[DATA FOR REVIEW — start]
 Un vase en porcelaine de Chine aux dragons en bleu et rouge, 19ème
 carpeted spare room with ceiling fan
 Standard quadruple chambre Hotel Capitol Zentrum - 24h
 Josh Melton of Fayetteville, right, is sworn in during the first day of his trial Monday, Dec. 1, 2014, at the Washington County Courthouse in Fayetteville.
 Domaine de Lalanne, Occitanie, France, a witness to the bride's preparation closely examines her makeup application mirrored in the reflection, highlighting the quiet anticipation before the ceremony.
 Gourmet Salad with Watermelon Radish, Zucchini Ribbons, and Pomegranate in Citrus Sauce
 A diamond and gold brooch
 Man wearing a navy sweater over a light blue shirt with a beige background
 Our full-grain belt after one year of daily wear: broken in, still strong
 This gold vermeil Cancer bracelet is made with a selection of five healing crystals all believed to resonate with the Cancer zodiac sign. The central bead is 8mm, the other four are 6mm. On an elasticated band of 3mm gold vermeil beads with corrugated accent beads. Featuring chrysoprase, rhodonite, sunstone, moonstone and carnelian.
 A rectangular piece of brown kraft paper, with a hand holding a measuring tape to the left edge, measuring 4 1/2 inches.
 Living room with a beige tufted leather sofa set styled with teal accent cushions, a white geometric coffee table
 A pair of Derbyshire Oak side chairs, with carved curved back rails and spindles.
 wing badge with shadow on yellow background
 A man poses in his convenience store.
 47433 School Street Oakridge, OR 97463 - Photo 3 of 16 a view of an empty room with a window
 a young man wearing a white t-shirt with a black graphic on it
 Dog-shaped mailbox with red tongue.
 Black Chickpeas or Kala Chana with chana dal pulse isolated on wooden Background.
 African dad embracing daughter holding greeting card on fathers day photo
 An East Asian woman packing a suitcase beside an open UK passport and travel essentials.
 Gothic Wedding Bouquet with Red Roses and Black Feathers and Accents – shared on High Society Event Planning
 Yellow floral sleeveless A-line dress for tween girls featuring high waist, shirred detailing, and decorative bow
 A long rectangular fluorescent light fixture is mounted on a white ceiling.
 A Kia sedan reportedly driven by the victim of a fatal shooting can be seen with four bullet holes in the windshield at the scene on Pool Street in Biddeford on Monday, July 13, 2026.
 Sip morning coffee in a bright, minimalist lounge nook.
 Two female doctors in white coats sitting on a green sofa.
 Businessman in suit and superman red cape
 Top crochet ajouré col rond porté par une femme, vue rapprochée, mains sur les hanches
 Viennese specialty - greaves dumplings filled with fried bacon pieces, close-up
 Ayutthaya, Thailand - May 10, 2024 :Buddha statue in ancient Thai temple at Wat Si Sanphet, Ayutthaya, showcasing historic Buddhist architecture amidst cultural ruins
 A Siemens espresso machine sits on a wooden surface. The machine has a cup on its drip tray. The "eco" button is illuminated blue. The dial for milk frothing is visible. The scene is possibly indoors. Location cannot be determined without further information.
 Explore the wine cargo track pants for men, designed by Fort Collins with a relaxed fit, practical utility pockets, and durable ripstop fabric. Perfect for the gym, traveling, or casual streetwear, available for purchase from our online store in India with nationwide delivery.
[DATA FOR REVIEW — finish]
Please make an exact copy of the lines above from the line with "Gourmet Salad with" through the line with "This gold vermeil", both ends included.

> _RESULT FOR THIS TASK_:
 Gourmet Salad with Watermelon Radish, Zucchini Ribbons, and Pomegranate in Citrus Sauce
 A diamond and gold brooch
 Man wearing a navy sweater over a light blue shirt with a beige background
 Our full-grain belt after one year of daily wear: broken in, still strong
 This gold vermeil Cancer bracelet is made with a selection of five healing crystals all believed to resonate with the Cancer zodiac sign. The central bead is 8mm, the other four are 6mm. On an elasticated band of 3mm gold vermeil beads with corrugated accent beads. Featuring chrysoprase, rhodonite, sunstone, moonstone and carnelian.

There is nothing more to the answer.